What We Have Already Seen
A good place to start this exploration is a use case with which we are already familiar — the one embodied in our testbed application. When I originally presented the idea of structuring the program as a group of independent processes that were dynamically launched, I spoke about it in terms of promoting a kind of modularization that simplified the code, made the application as a whole more robust, and fostered reusability. While all that is true, there is another side to that coin. By providing you with the ability to select at runtime the capabilities of the software, it opens the door for dramatically improved scalability. To see how that would work, consider the following scenario.
The most recent change to the testbed was to create a state-machine temperature controller that was (as I said in the post) only suitable for controlling the temperature of a “…hen-house, dog house or out house…”. But let’s say you have more than 1 hen-house, dog house or out house that needs temperature control. How should we handle that? One solution that you often see used is to simply duplicate that one VI, but then what if the number of “houses” changes? You could be left in the position of constantly modifying the application to add or subtract resources. Let me show you a better way, a way to reuse the exact same VI as many (or as few) times as might be needed, but without needing to modify the code to change the number if instances created. The trick is to make the code
The basic idea behind a reentrant VI is that each time it is called in a program, LabVIEW reuses the same code, but gives each instance its own memory space. The result is the same as if you had multiple copies of the same VI. This basic operating principle is the same regardless of whether the reentrant VI is linked into your program statically, or is being called dynamically. When making a call to a reentrant VI, the resulting instance running in memory is called a
clone. It’s important to remember that while all the clones of a given VI will use the same common code, they each have (in addition to their own memory space) their own block diagram for debugging and front panel for user interaction. In some ways it’s as though you are dynamically creating new VIs out of thin air!
Bring in the clones…
So what do you need to do to embed this magic in your program, you ask? Well, perhaps, not as much as you would think…

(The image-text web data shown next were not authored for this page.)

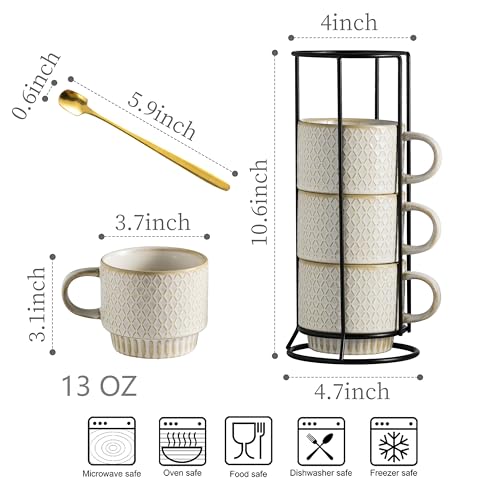 LYEOBOH Stackable Coffee Mugs, Coffee Cups, Mug Set of 4 with Spoons - 13 Oz Coffee Cup Set with Stand, Ceramic Coffee Mug - Farmhouse Kitchen, Beige - color: Beige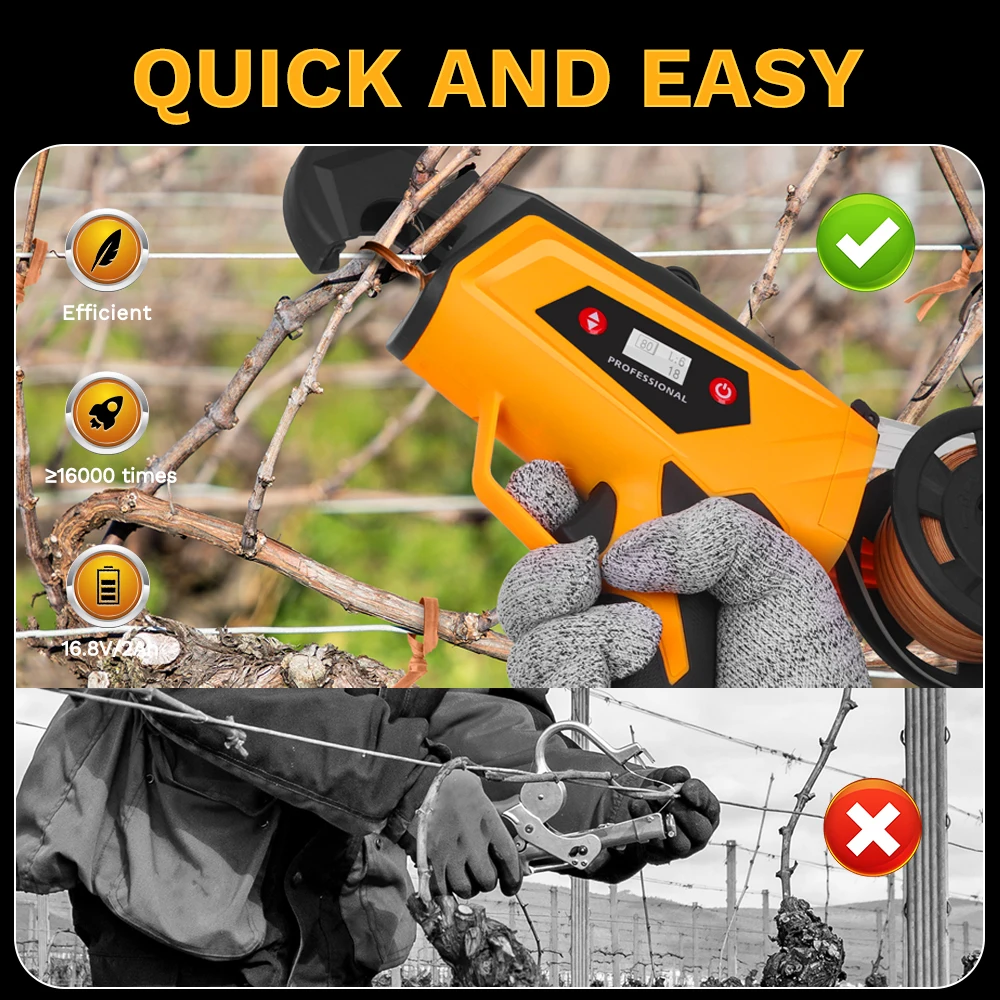 Swanosft Cordless Electric Tying Machines For Vineyards, Grape vine tying machine 2*2ah battery Professional 16.8V vine binder 4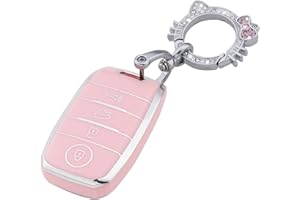 Pangpai Pink Key Fob Cover for Kia, Soft TPU Key Case Protection with Bling Keychain Fit for Kia Forte Koup Niro Optima Rio Sorento Soul Sportage Smart 2 3 4 Buttons Key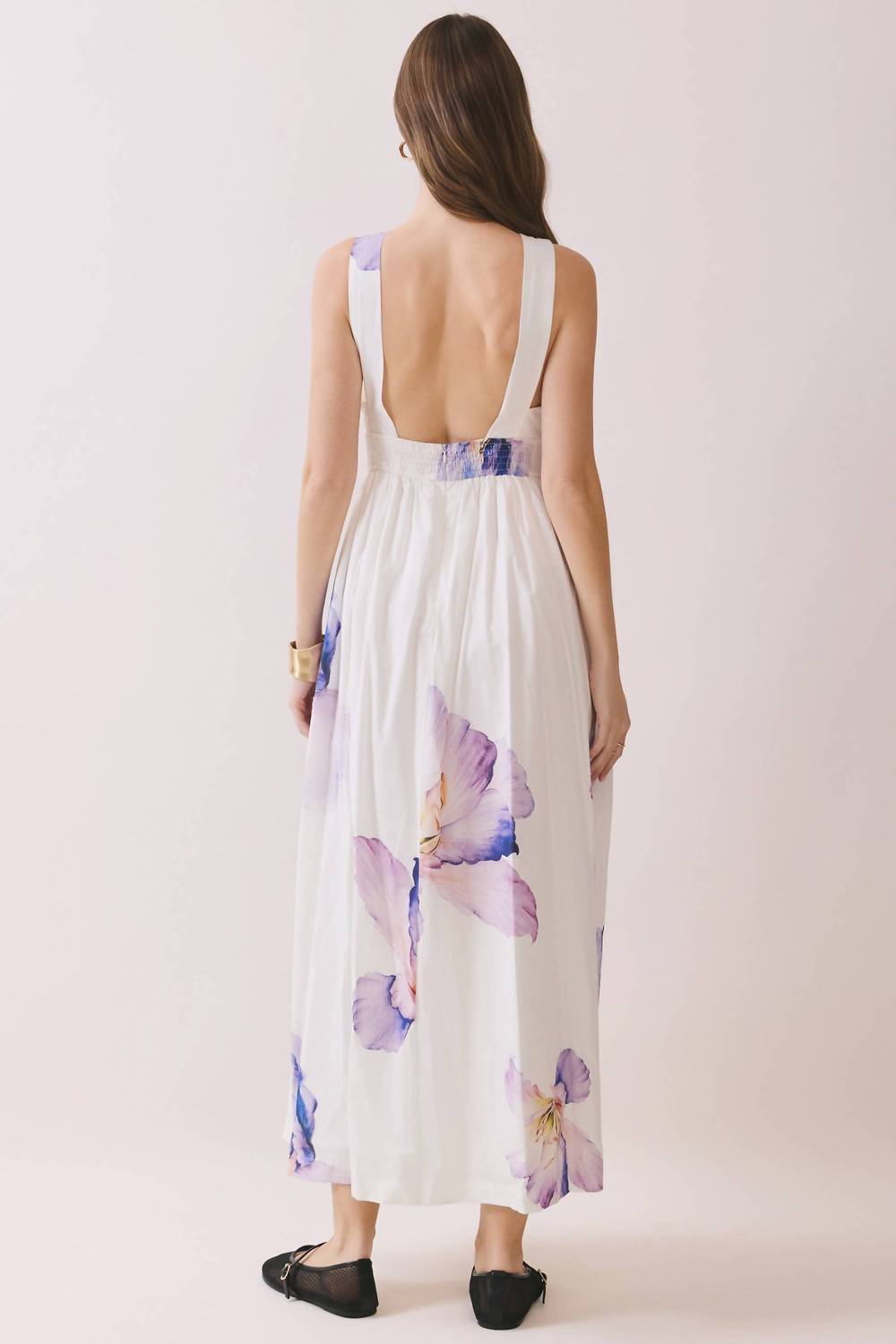 TCEC Floral Print Cross Halter Neck Midi Dress in off white - women's dress - alternate view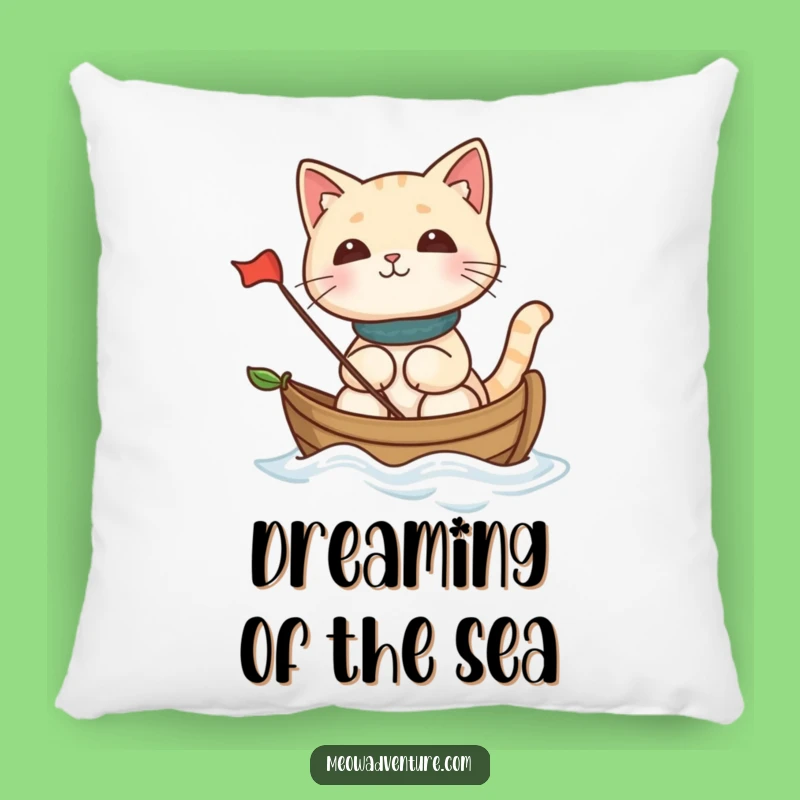 Funny Cat Leaf Boat Pillow: Cozy and Hilarious Sailing Feline Accent Pillow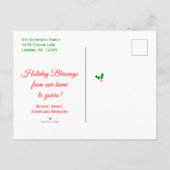 Änderung der Anschrift Weihnachtskarte Holly und F Ankündigungspostkarte (Rückseite)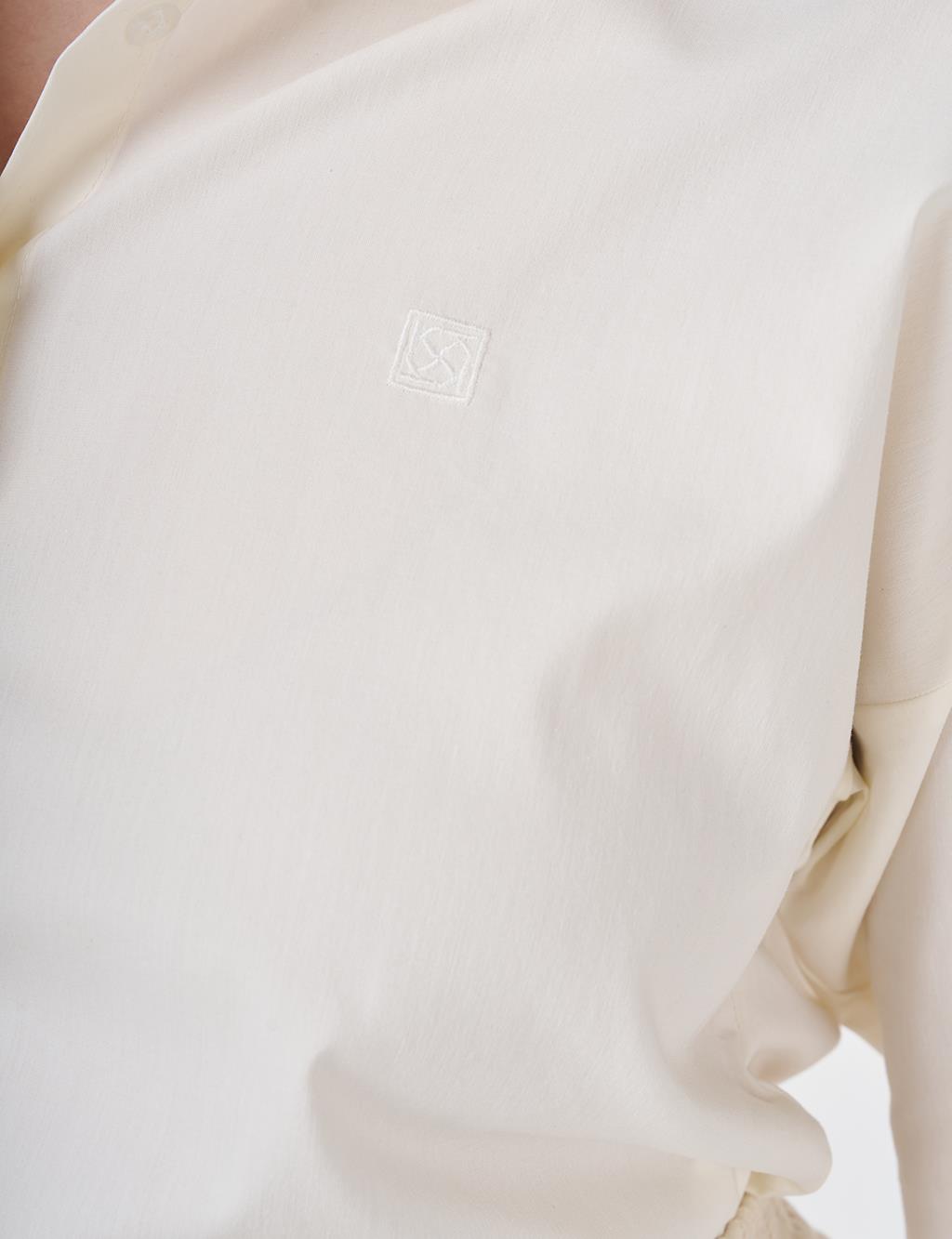Shirt Collar Basic Poplin Tunic Ecru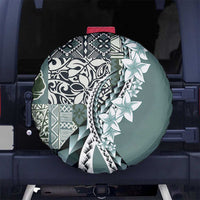 Aloha Vintage Plumeria Hawaiian Tapa Pattern Spare Tire Cover Dark Turquoise Hawaiian Tapa Pattern - Polynesian Pride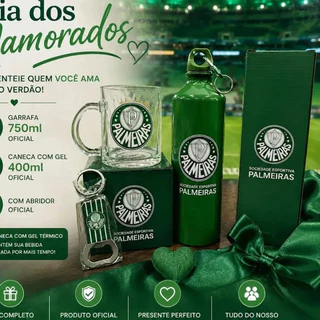 KIT PRESENTE PALMEIRAS OFICIAL GARRAFA ALUMINIO E CANECA VIDRO LICENCIADA AMIGO SECRETO NATAL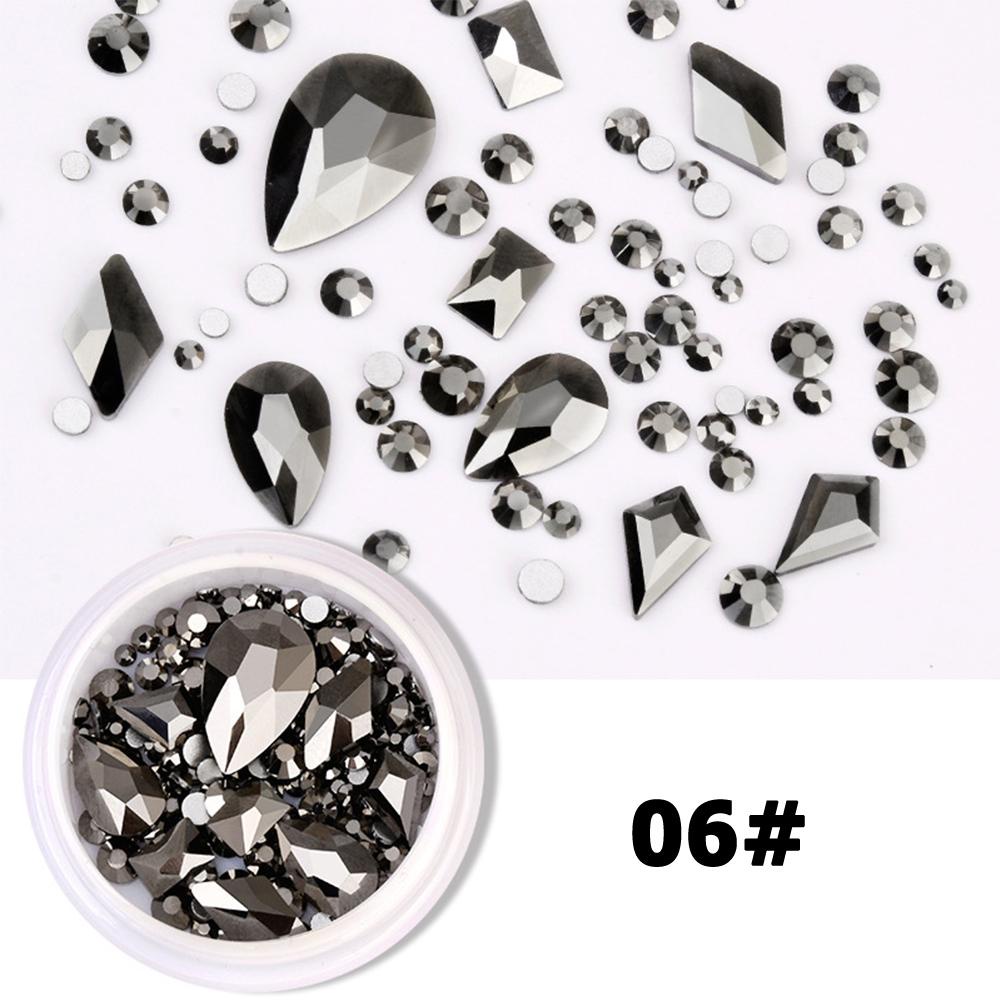 OCEANMAP Hạt Đá 3D Nhiều Kích Cỡ Tự Đính Trang Trí Móng Đeo Lưng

The first thing, obviously, is that in order to be cloneable, the VI must be reentrant. But for many people, this feature can be at first confusing and more than a bit intimidating (I know it was for me). The challenge from the perspective of LabVIEW is that, unlike most languages, LabVIEW actually supports two kinds of reentrancy. The easy one is the one that creates “Preallocated” clones, it works the way you see it described if you look up the term “reentrant” online. For many, the confusing part is the other kind of reentrancy, the “Shared” clones. I know the first time I saw the term, it stuck me as an oxymoron of the first order. As I understood reentrancy, the whole point of reentrant execution was that clones used preallocated memory spaces that didn’t get shared. So shared clones, what is that about? In order to answer that, we need to consider how LabVIEW execution works.
Normally, VI execution is blocking. By that I mean that two instances of the same VI cannot run at the same time because they share the same memory space. However, because they have their own memory spaces, multiple instances of reentrant VIs can execute in parallel. Consequently, when writing very low-level VIs that are going to be used in many, many places throughout your code, one would like to make them reentrant so the instances are not all blocking each other. However if you did that willy-nilly, you could develop a problem: memory. You could end up preallocating a lot of memory for dozens or even hundreds of instances that don’t actually run very often, or perhaps ever. To address that problem, LabVIEW created the concept of shared reentrancy that splits the difference between nonreentrant execution on the one hand, and normal reentrant execution (which LabVIEW now calls
preallocated), on the other.
Shared cloning creates a pool of a predefined number of sharable memory spaces that the reentrant code can use. Now whenever a particular reentrant function is called, LabVIEW can go to its pool of memory spaces and use a memory spaces that isn’t busy right then. If all the copies in the pool are busy, LabVIEW creates a new memory space for the VI, adds it to the pool and then uses it. All in all, it’s a pretty nice feature that we will see the need to use later…
The next thing clones need is a way tell themselves apart. As a case in point, you can have 3 houses and 3 clones of our control process, but if all 3 clones try to control the same house, you still haven’t accomplished anything useful. Clone 1 has to be able to tell that it is responsible for house 1. Likewise, clone 2 has to know that it is handling house 2, and clone 3 must direct its efforts to controlling house 3. The way to accomplish this assignment is through a process called
parameterization, or passing to the clone an input parameter that it can then use to obtain the configuration information it needs to operate.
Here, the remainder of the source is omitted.